数学・解析学は、理論に基づいて未来を予測する!?
実際の現象に活用される解析学
数学の分野の一つである解析学は、微分や積分などを用いて社会現象や物理現象、生物学的な現象などを調べていく学問です。なかでも偏微分方程式は、空気や水といった流体の動き、物質の熱の伝わり方、石鹸膜の構造などの物理モデル、感染症の拡散予測や、細胞性粘菌の挙動予測などにも活用されています。

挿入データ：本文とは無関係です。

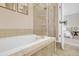 Bathroom featuring a soaking tub with tile surround and view of the main bedroom at 3662 Castle Peak Ave, Superior, CO 80027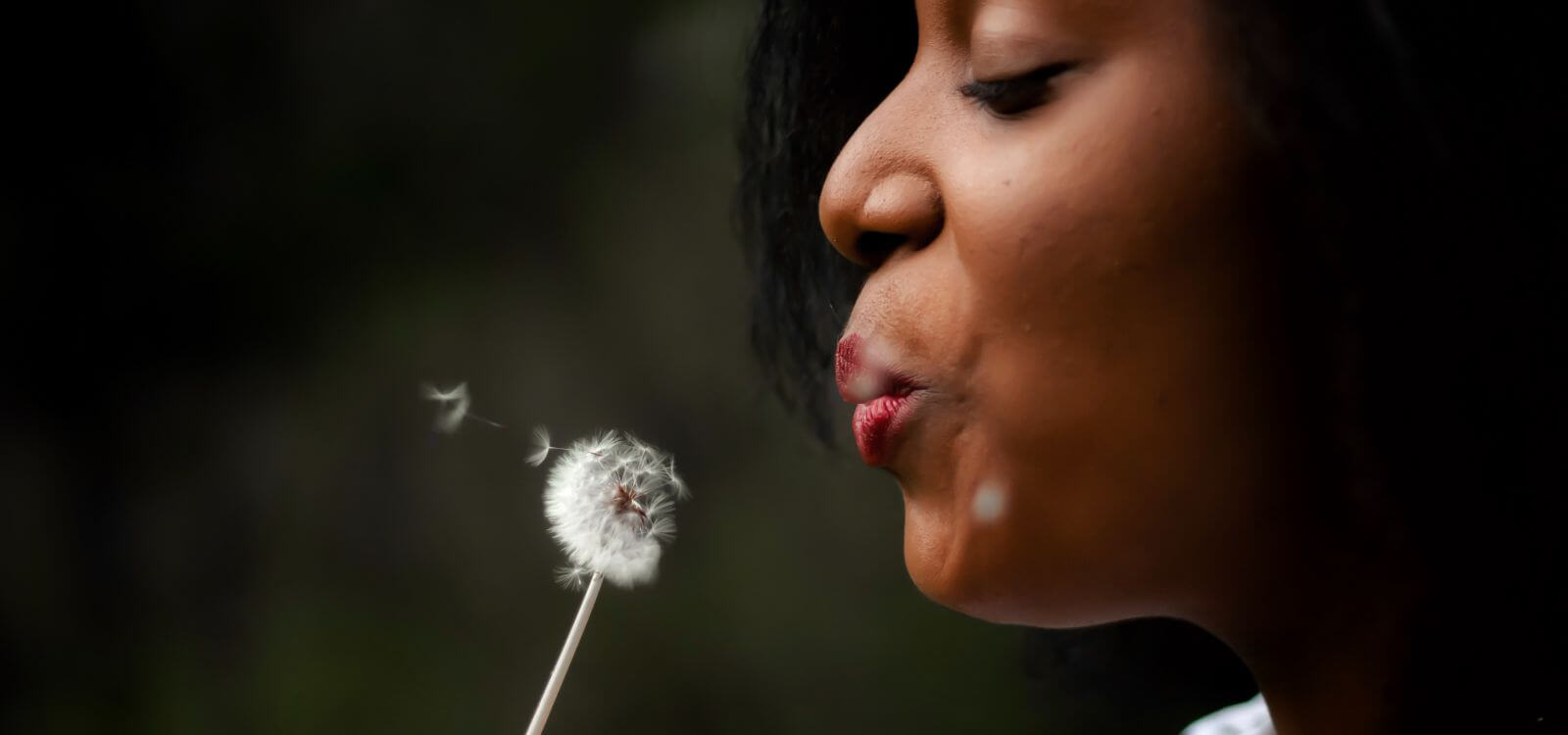 Woman blowing a dandelion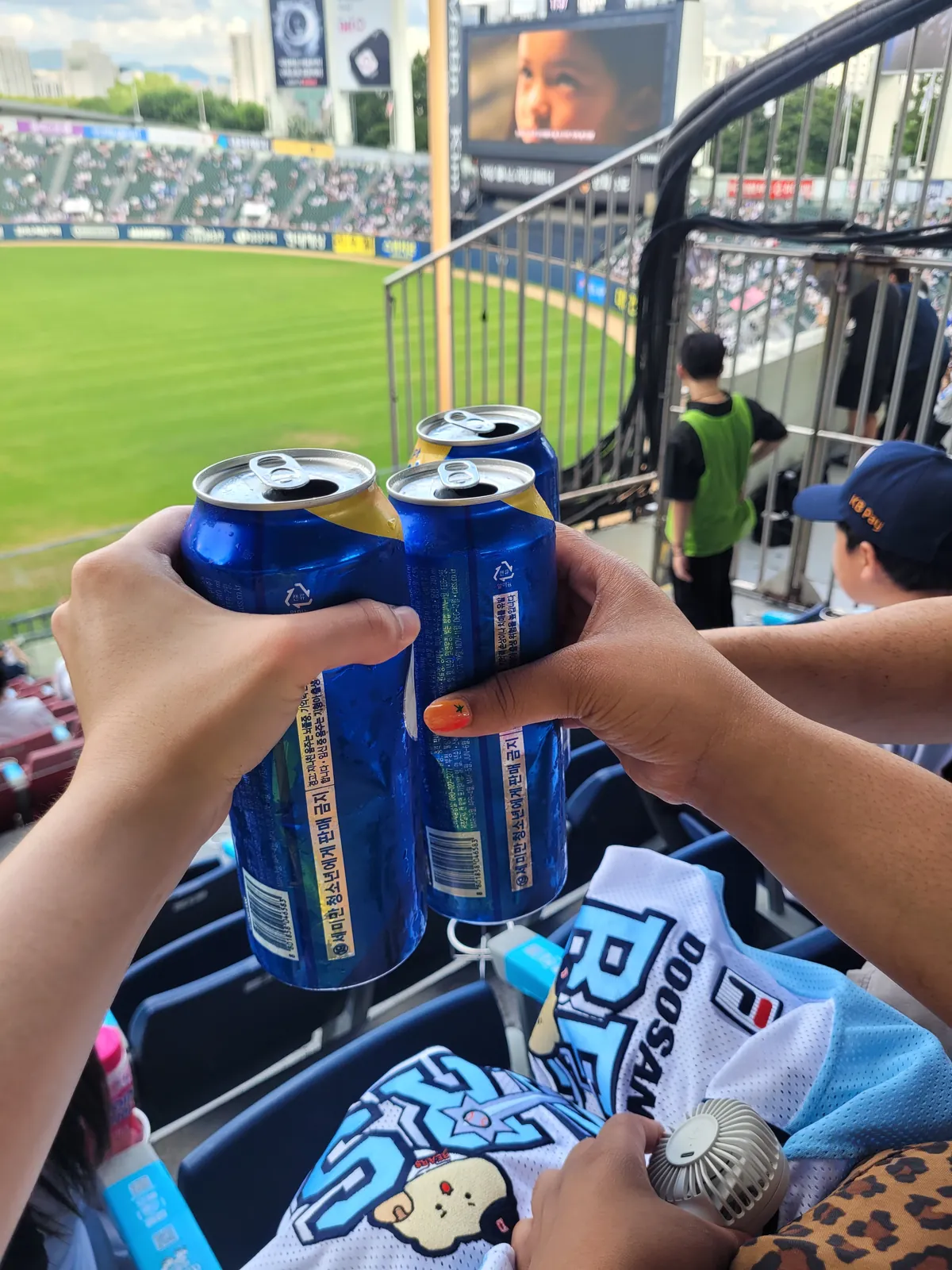Guests clinking beer cans over the outfield before a game at Jamsil Baseball Stadium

これらの数理モデルは特に、非線形な偏微分方程式で表されます。非線形とは、線形でないことを指します。例えば、「y=x」をグラフにすると直線になり、「y=x²」では曲線(放物線)を描きますが、この「直線ではない状態」が非線形です。非線形の状態は「y=x²」以外にも無数に存在しています。
分散波の性質を示す方程式
偏微分方程式の一つ、「シュレーディンガー方程式」は、量子力学で現れる基礎的な偏微分方程式です。電子や陽子などの極少な物体(量子)は、粒子としての性質と波としての性質をあわせ持っています。シュレーディンガー方程式は、その波が分散する様子を表そうとするものです。この方程式を用いた数理モデルによって、さまざまな量子力学的現象が記述されています。特にシュレーディンガー方程式に非線形な効果を取り入れた非線形シュレーディンガー方程式が用いられています。この非線形シュレーディンガー方程式は、分散という波を広げようとする効果と、非線形という波を集める効果の二つの性質が混在しています。どちらが優位になるかによってさまざまな解が現れ、すべては解明されていません。
理論的で正確な未来予測へ
時間的な発展を記述する偏微分方程式は、未来予測につながります。例えば、津波がどのように押し寄せるかや感染症がどのように広がっていくかなど、未来にどうなるかを表すさまざまな数理モデルとそれに基づいたシミュレーションがあります。それが本当に正しいのかを理論的に証明することも数学・解析学の役割の一つです。解析学は、あらゆる分野で社会とつながっているのです。